# Redfishing FL East Coast?



## yobata (Jul 14, 2015)

Pourbaix22 said:


> Hey all, wanting to trailer my skiff up for a few days and fish somewhere Treasure/Space Coast area and target some reds/drums/trout on fly.
> 
> Any recommendations as far as a fish camp or not too pricey hotel with a dock/close to ramp to stay at or where to fish? Of course if anyone in the area wants to get poled around for a day and share some info, sandys and beers on me.
> 
> Thanks


https://www.mosquitolagoonfishcamp.com/accommodations/


----------



## NativeBone (Aug 16, 2017)

yobata said:


> https://www.mosquitolagoonfishcamp.com/accommodations/


@Pourbaix22 I can vouch for this camp.

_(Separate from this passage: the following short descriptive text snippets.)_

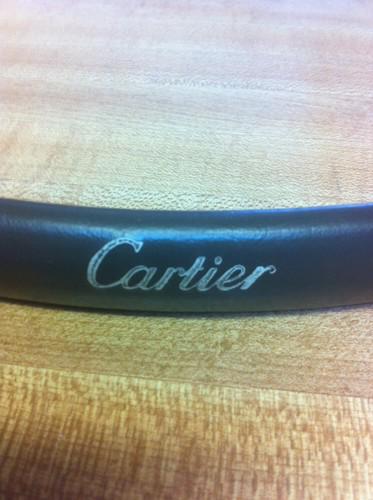 Lincoln town car cartier door pull strap 1998-2004 original grey leather part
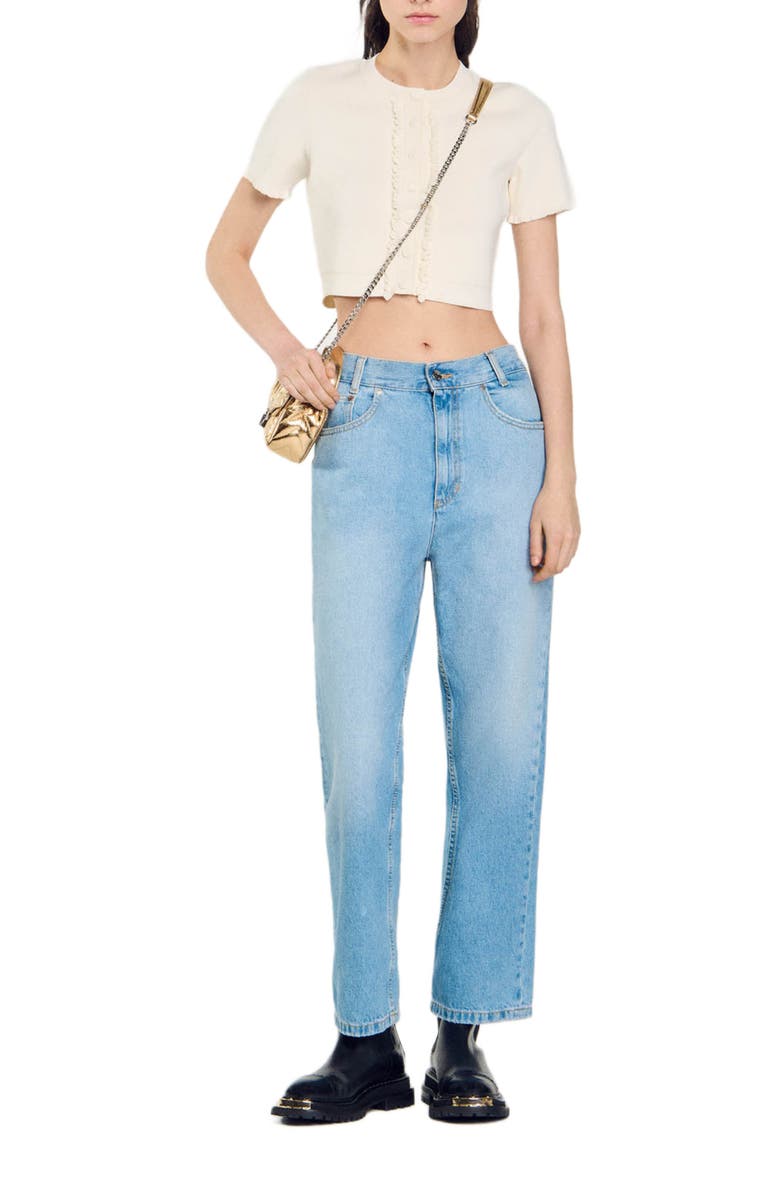 SANDRO Low-rise straight-leg jeans, Alternate, color, 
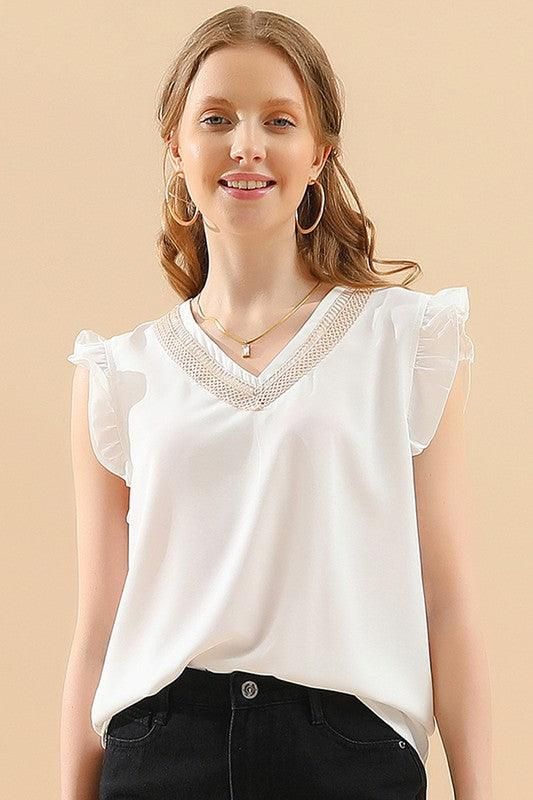 V LACE NECK ANGEL WINGS SLEEVE CHIFFON TOP - Doublju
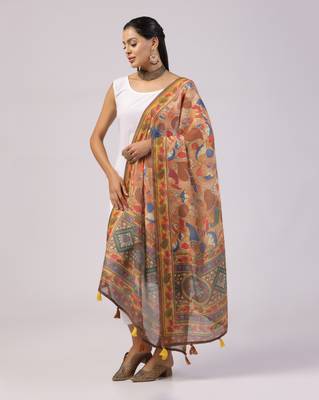 Digital print lilen blend zari dupatta for women and girls to wear on gown chaniya choli kurti etc 2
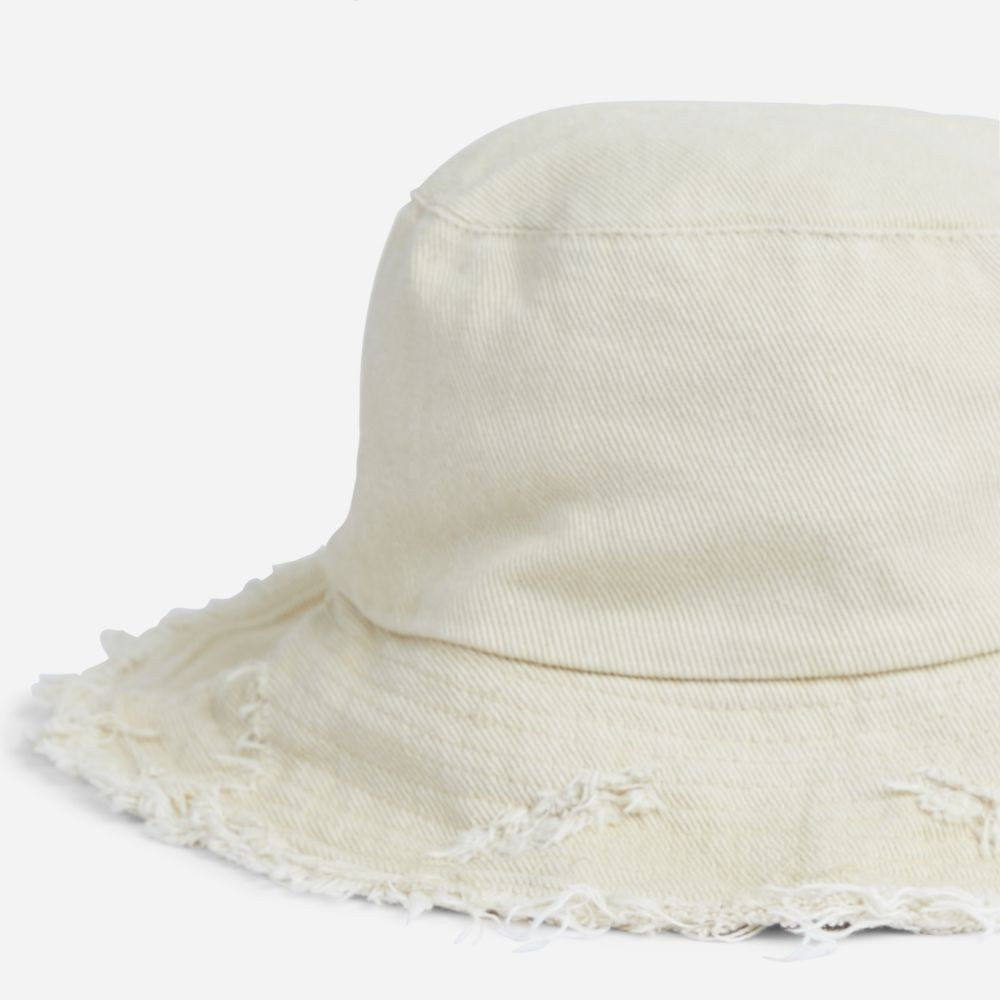 Distressed Oversized Bucket Hat In Cream Nude Denim | EGO (UK)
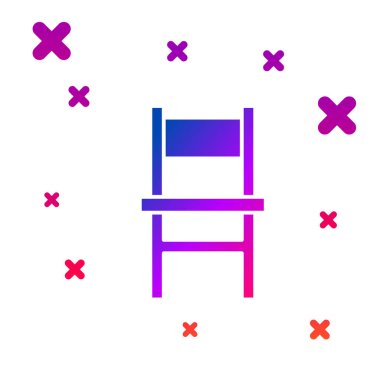 Beyaz arkaplanda izole edilmiş renkli sandalye simgesi. Kademeli rastgele dinamik şekiller. Vektör.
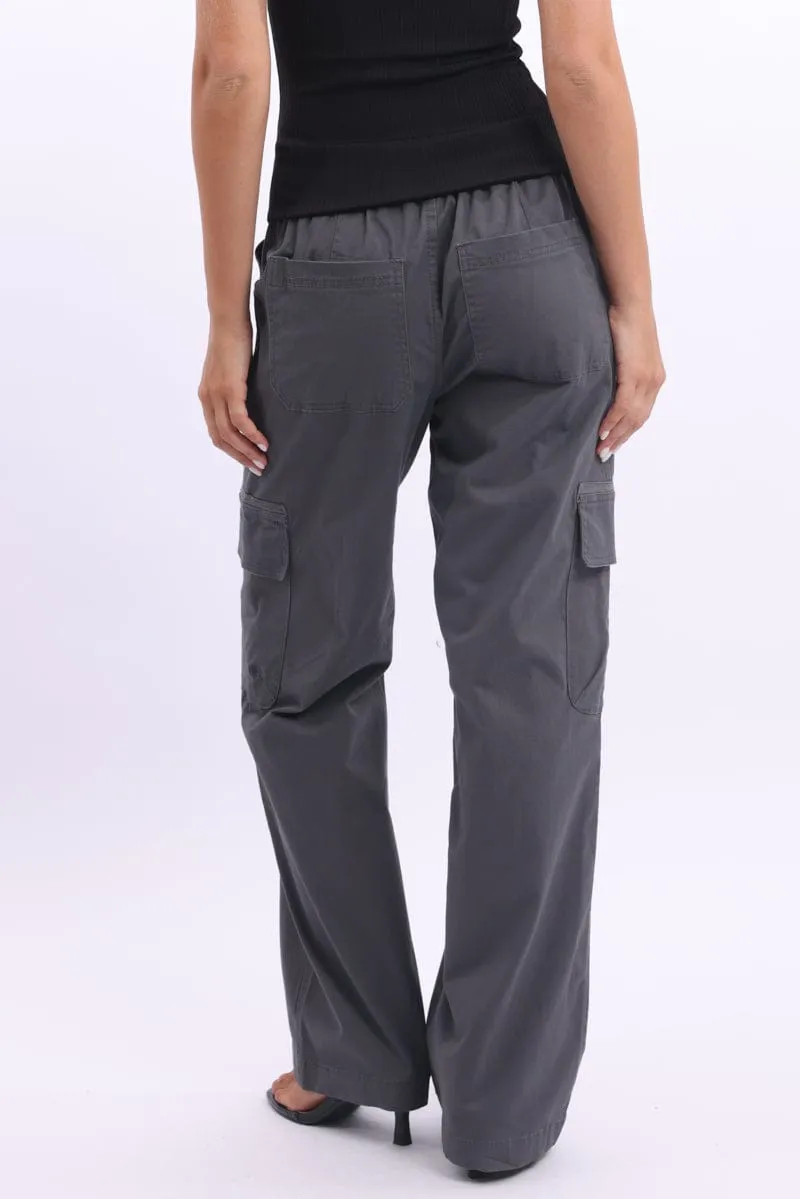 Stain Release Finish Grey Cargo Pants Mid Rise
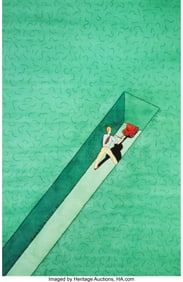 36347: Steven Guarnaccia (b. 1953) Businessman Mowing H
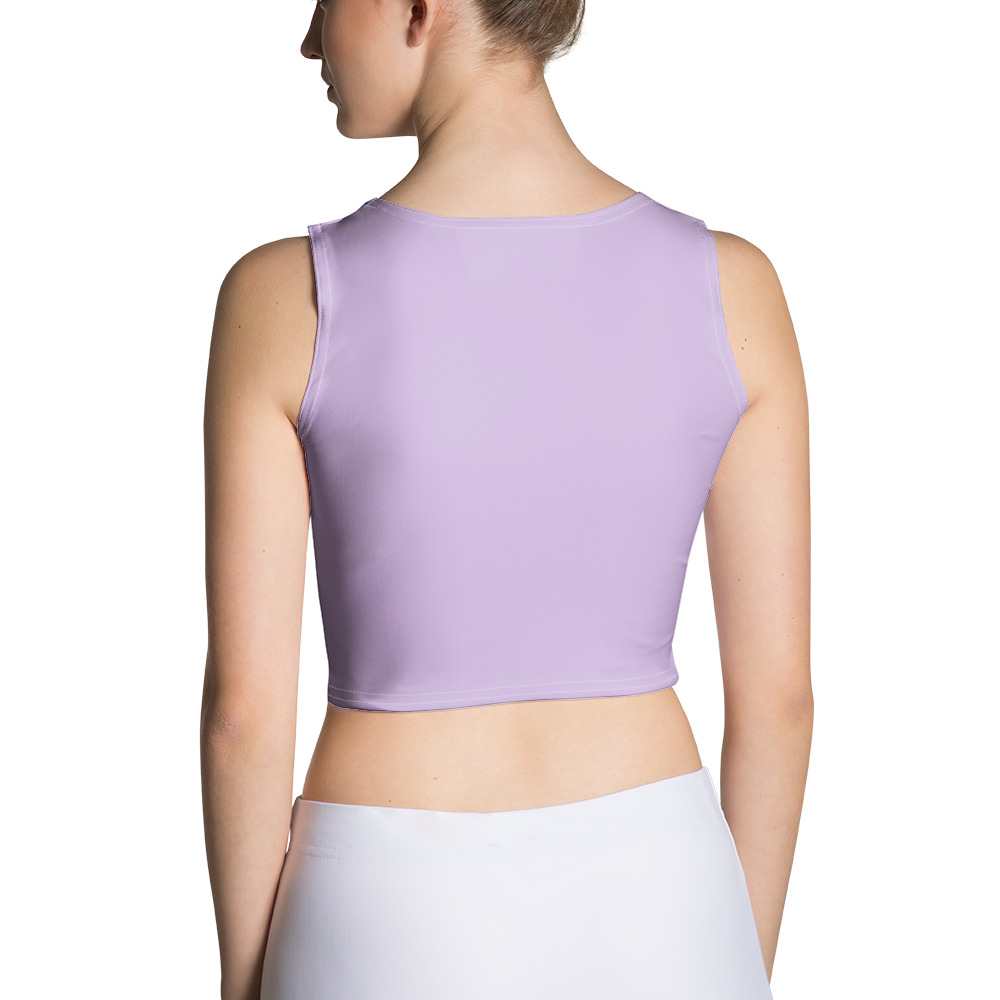 Abstract Line Art Woman’s Face Crop Top – Green & Purple - Image 2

My wife and I spend several weeks there each year as a get away from the kids, just a great setup. I do recommend spending a few extra bucks and getting the REDFISH" 2/1 UNIT. Check out the The Galbreath Restaurant, great food and atmosphere.


----------



## Pourbaix22 (Jul 22, 2017)

Awesome looking place, thanks for the info guys. Already requested to book.


----------



## Mustang (Oct 15, 2015)

Great place to stay and an even better Capt to fish with. Enjoy your trip.


----------